One of my favorite stories is that of a friend of mine who told of pleading with his parents for a dog. His father wisely told Rick that the novelty would wear off and he wasn’t about to walk Rick’s dog. Finally, the dad relented, Rick got his dog and quickly, the novelty wore off. When he would whine about taking care of the dog, his dad would reply, “Excuses don’t walk the dog.”
How can you avoid excuses? When do you know if your child is ready for a pet?
Childwise went to Gilda Arroyo, Humane and Environmental Educator for the Animal Rescue Shelter and Wildlife Center (www.animalrescue.org) for advice for parents.
“I look at the maturity level of the child, not the age. What level of responsibility is the child ready for?” she said.

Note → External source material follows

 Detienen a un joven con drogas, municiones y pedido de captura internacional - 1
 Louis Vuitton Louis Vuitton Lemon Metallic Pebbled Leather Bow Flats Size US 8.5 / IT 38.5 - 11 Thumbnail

Doing your research before you get a pet can save a lot of tears and frustration for both the pet and the owners. Arroyo said she always presents three questions to folks hoping to get a new pet – questions relevant to families:
1) Do you have time? “You need to have time to teach your pet to socialize along with all of the other things such as feeding, walking and playing with it,” said Arroyo.
2) Do you have the space? “You can’t keep five St. Bernard’s in a studio apartment. You need to make sure you have the appropriate space,” she said.
3) Do you have the money? “Sooner or later, the animal needs to go to the vet and get shots and other things and those things are not free. Do you have the money to take care of a pet?”
If you feel like you have all of the above, then you need to decide what kind of pet. Arroyo suggested after the reality check, decide what level of responsibility your child will have with the pet.
“If you have a younger child, a good role might be to have them be responsible for keeping the water bowl full. But a small child can’t take a 150- pound bull mastiff for a walk every day,” she said.
Choosing the type of pet depends on some of those answers as well. If you work from home, a puppy who requires a lot of time and walks may work, but if you have an eight-hour work day with an hour commute, perhaps you want to adopt an older pet that wouldn’t require so many walks.
“Or maybe you would want a cat,” said Arroyo.
Starting with a smaller pet may be a smart move, but you still need to choose wisely.
“A lot of people will get a hermit crab which is easy to take care of but it isn’t cute and cuddly so after a week or so, they become lax in the care,’ she said.
Adoption counselors at the Animal Rescue League work hard in helping families find the right pet.
“There is a perfect pet for everyone, but we don’t want someone to take on more than they are comfortable with,” Arroyo said.
Arroyo suggests fostering a pet for those unsure of the time commitment. Fostering, she explained, is taking care of an animal that may be too young or can’t be placed in the shelter for other reasons.
“Foster parents are badly needed right now for kittens. Serving as a foster family allows short-term commitment for families thinking about pet adoption,” Arroyo said.
“You don’t want to be a family who has to surrender a pet,” she said.